> What needs to be done
All entries must be repeated exactly; do not include the pictures.
BEGIN Recorded information
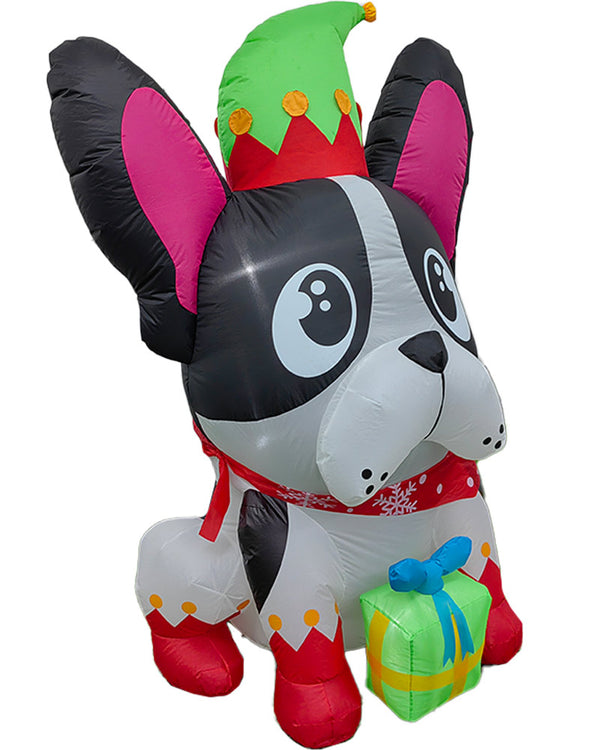 Santa Hat French Bulldog Christmas Lawn Inflatable 1.5m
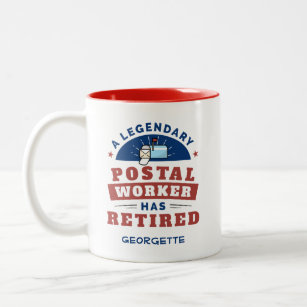 Retired Postal Worker Gag Retiring Personalized Two-Tone Coffee Mug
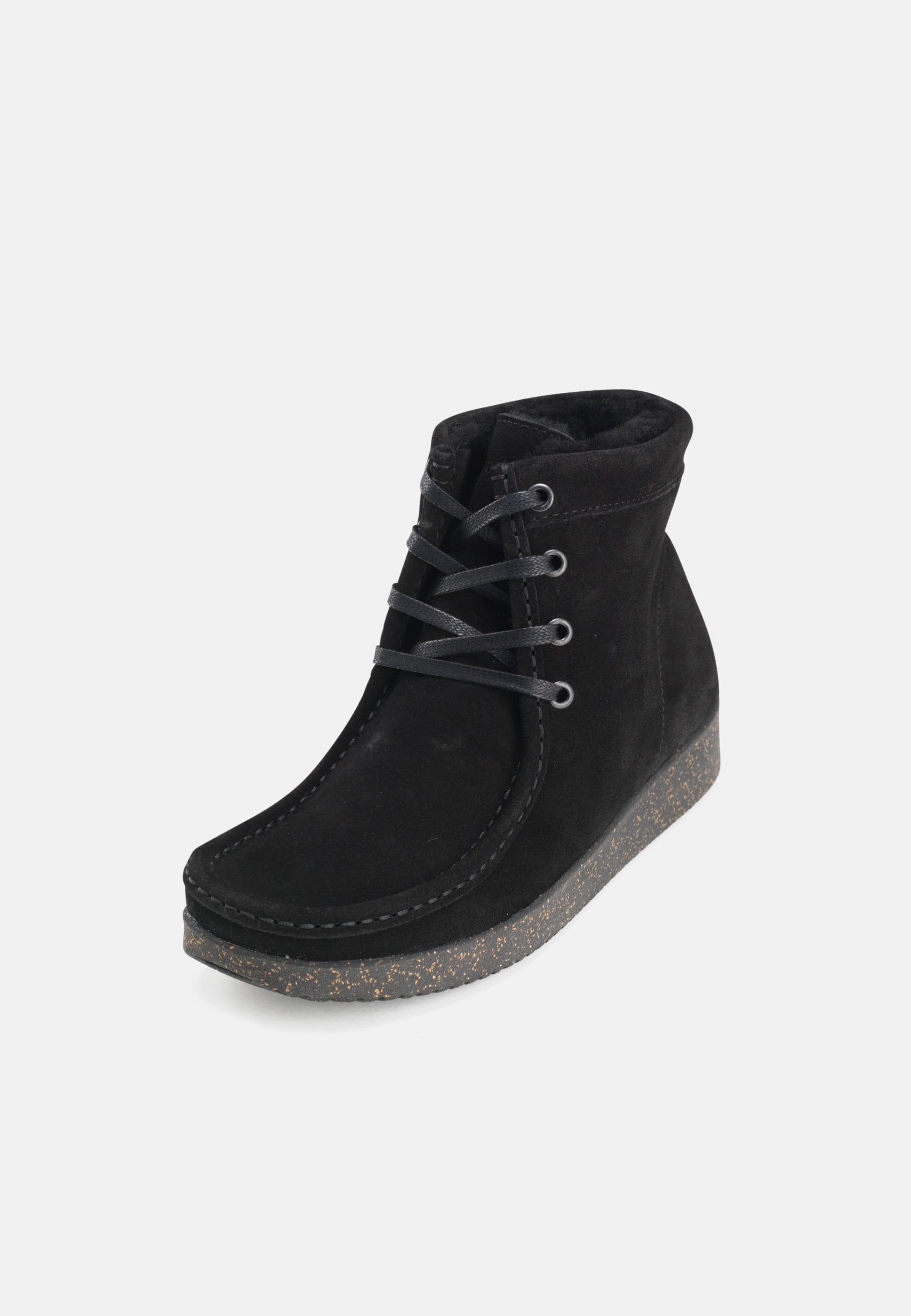 Nature Footwear Asta varmforet Snørestøvle Suede læder i farve Black med lammeskindsfor og ydersål af naturgummi med korkrester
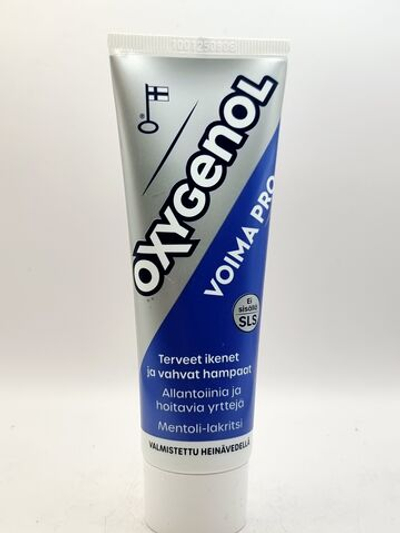 OXYGENOL Зубная паста Voima pro с растительными экстрактами, со вкусом лакрицы и ментола, без SLS, 75 мл (из Финляндии)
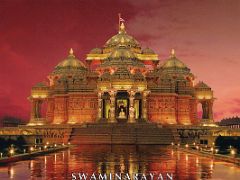05 Delhi Akshardham Temple Mandir Beautifully Lit At Night Post Card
END Recorded information
> Response to the exercise
 Santa Hat French Bulldog Christmas Lawn Inflatable 1.5m
 Retired Postal Worker Gag Retiring Personalized Two-Tone Coffee Mug
 Nature Footwear Asta varmforet Snørestøvle Suede læder i farve Black med lammeskindsfor og ydersål af naturgummi med korkrester
 OXYGENOL Зубная паста Voima pro с растительными экстрактами, со вкусом лакрицы и ментола, без SLS, 75 мл (из Финляндии)
05 Delhi Akshardham Temple Mandir Beautifully Lit At Night Post Card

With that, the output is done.